> Required action
In the entries below, begin at the line with "Diamond Pavé Personalized" and stop after the line with "Heretic - T-shirt - Vermilion White"; output those lines exactly and omit the pictures.

> Material provided
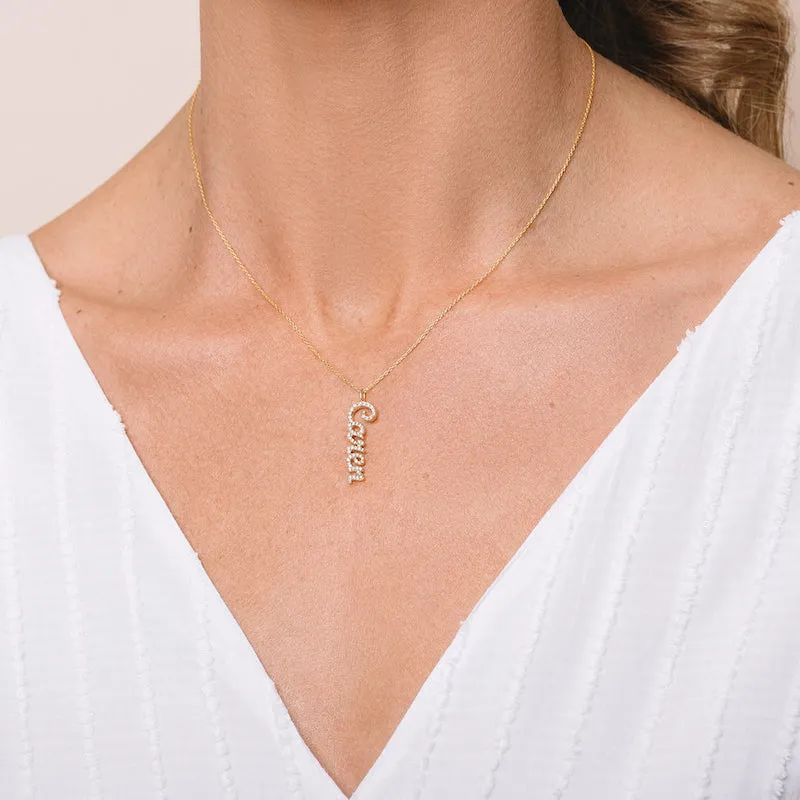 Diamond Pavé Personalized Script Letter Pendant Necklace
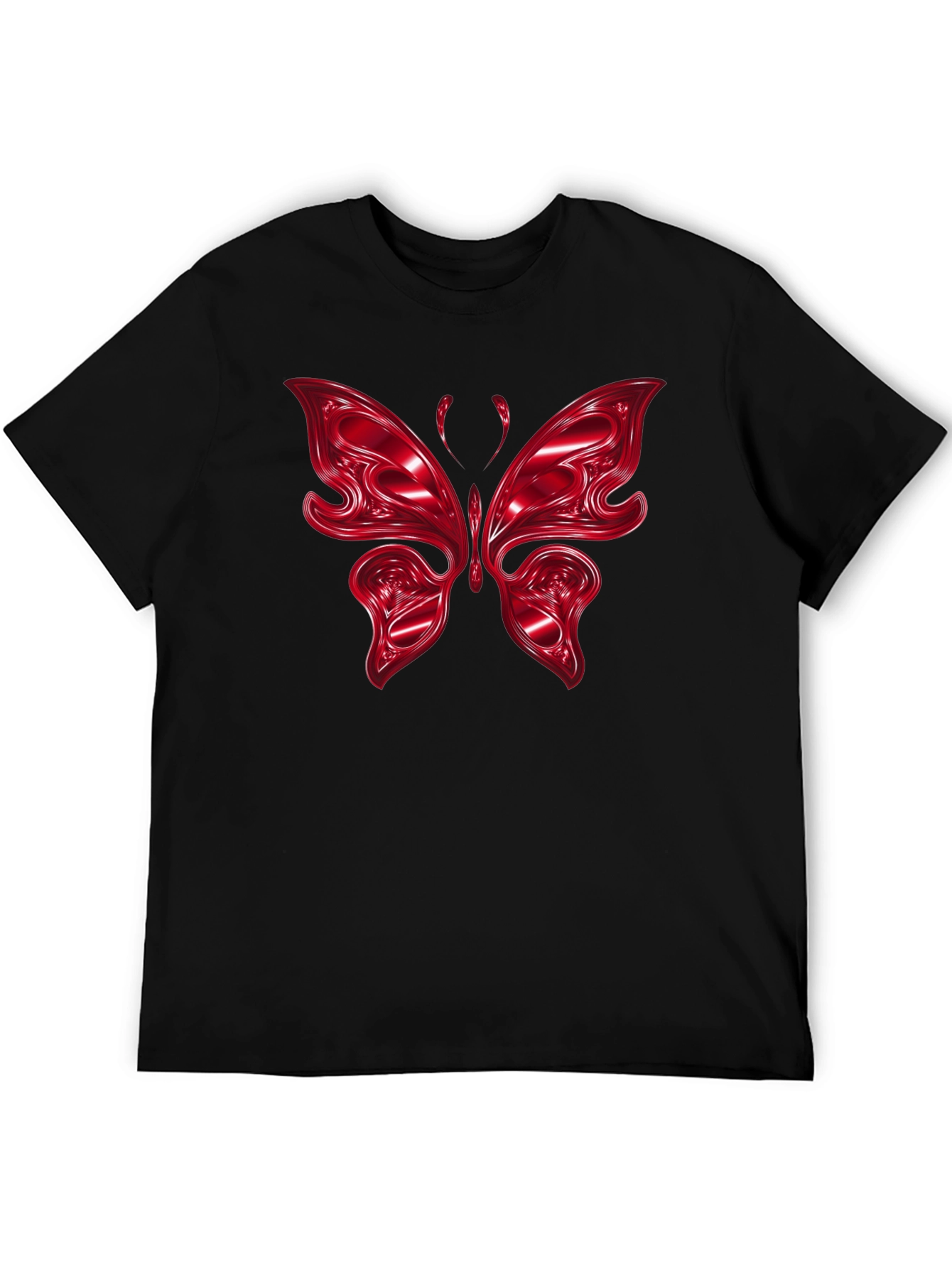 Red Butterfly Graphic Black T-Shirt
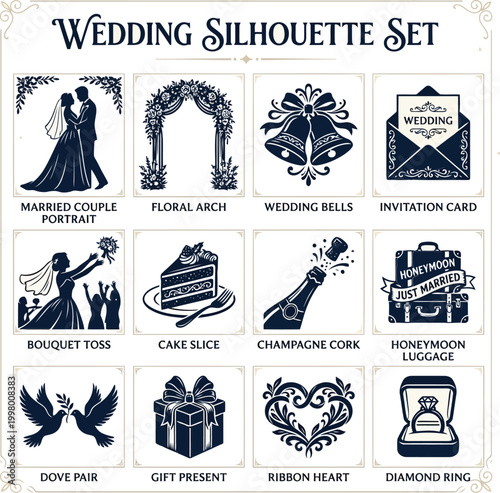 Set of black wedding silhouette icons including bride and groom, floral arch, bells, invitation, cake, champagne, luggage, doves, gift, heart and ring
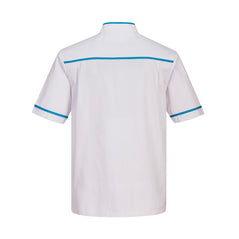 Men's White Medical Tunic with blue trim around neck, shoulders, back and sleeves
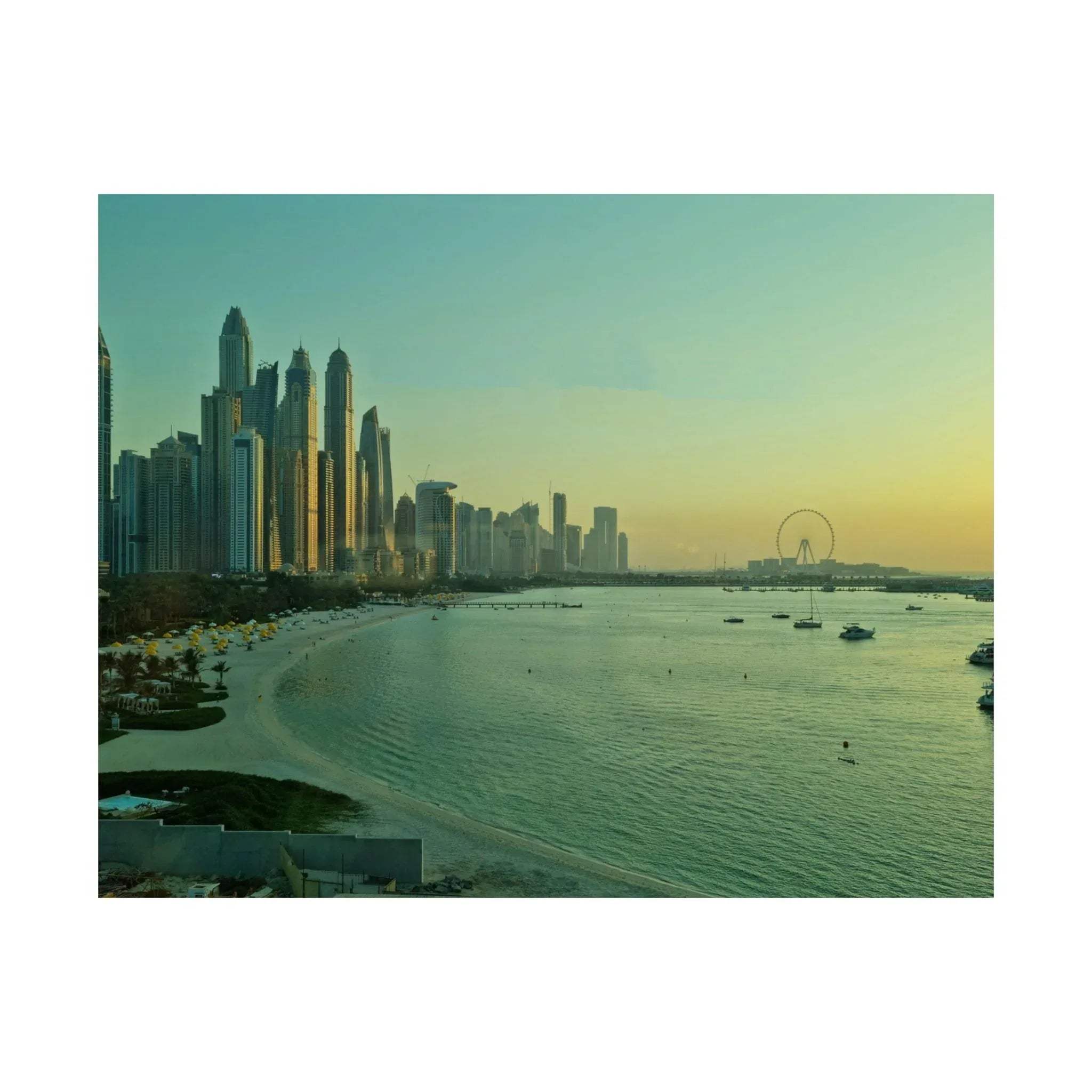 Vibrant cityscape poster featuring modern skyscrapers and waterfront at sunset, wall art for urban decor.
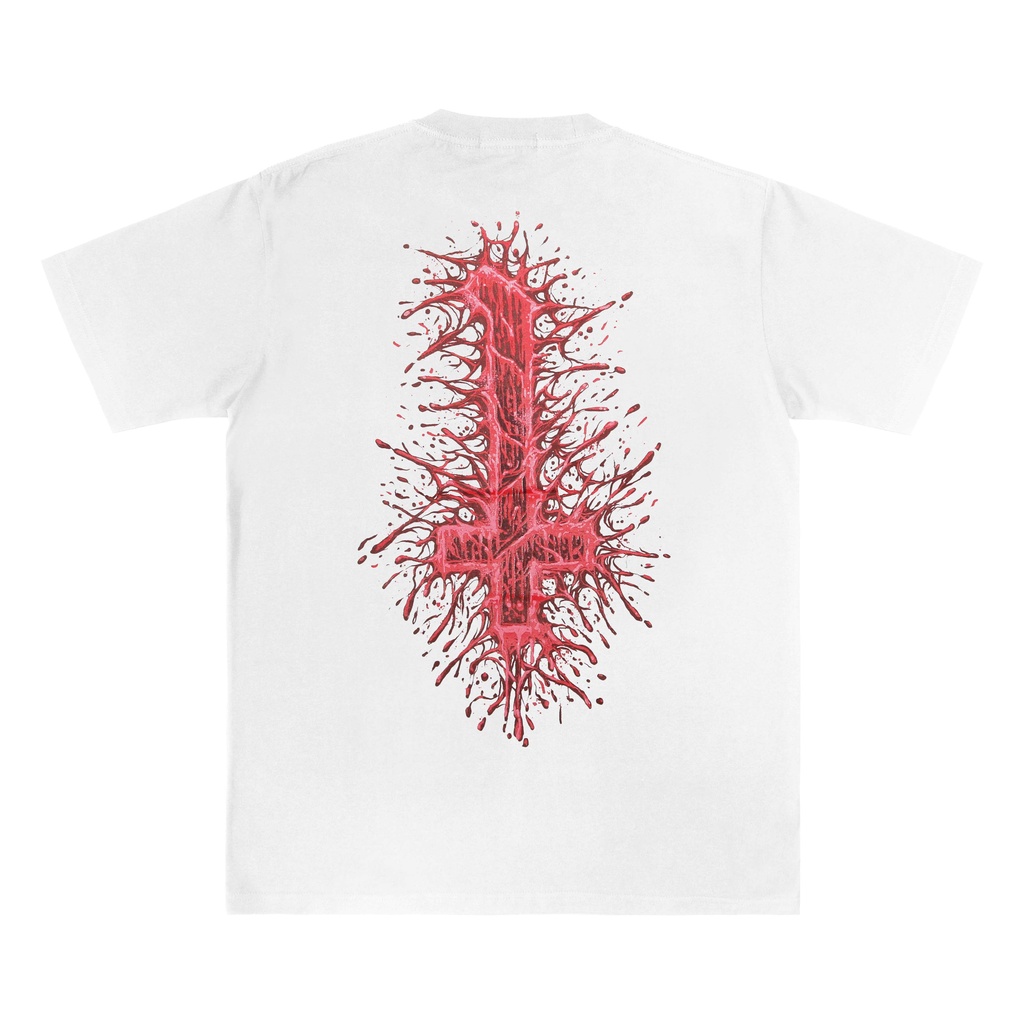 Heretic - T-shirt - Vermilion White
---
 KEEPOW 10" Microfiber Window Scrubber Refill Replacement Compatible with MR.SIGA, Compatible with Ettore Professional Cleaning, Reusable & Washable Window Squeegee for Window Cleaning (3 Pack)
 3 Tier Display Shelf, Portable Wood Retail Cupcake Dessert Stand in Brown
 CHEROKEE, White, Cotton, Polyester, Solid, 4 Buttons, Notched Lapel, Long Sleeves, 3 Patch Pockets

> Response area
 Diamond Pavé Personalized Script Letter Pendant Necklace
 Red Butterfly Graphic Black T-Shirt
 Set of black wedding silhouette icons including bride and groom, floral arch, bells, invitation, cake, champagne, luggage, doves, gift, heart and ring
 Men's White Medical Tunic with blue trim around neck, shoulders, back and sleeves
 Vibrant cityscape poster featuring modern skyscrapers and waterfront at sunset, wall art for urban decor.
 Heretic - T-shirt - Vermilion White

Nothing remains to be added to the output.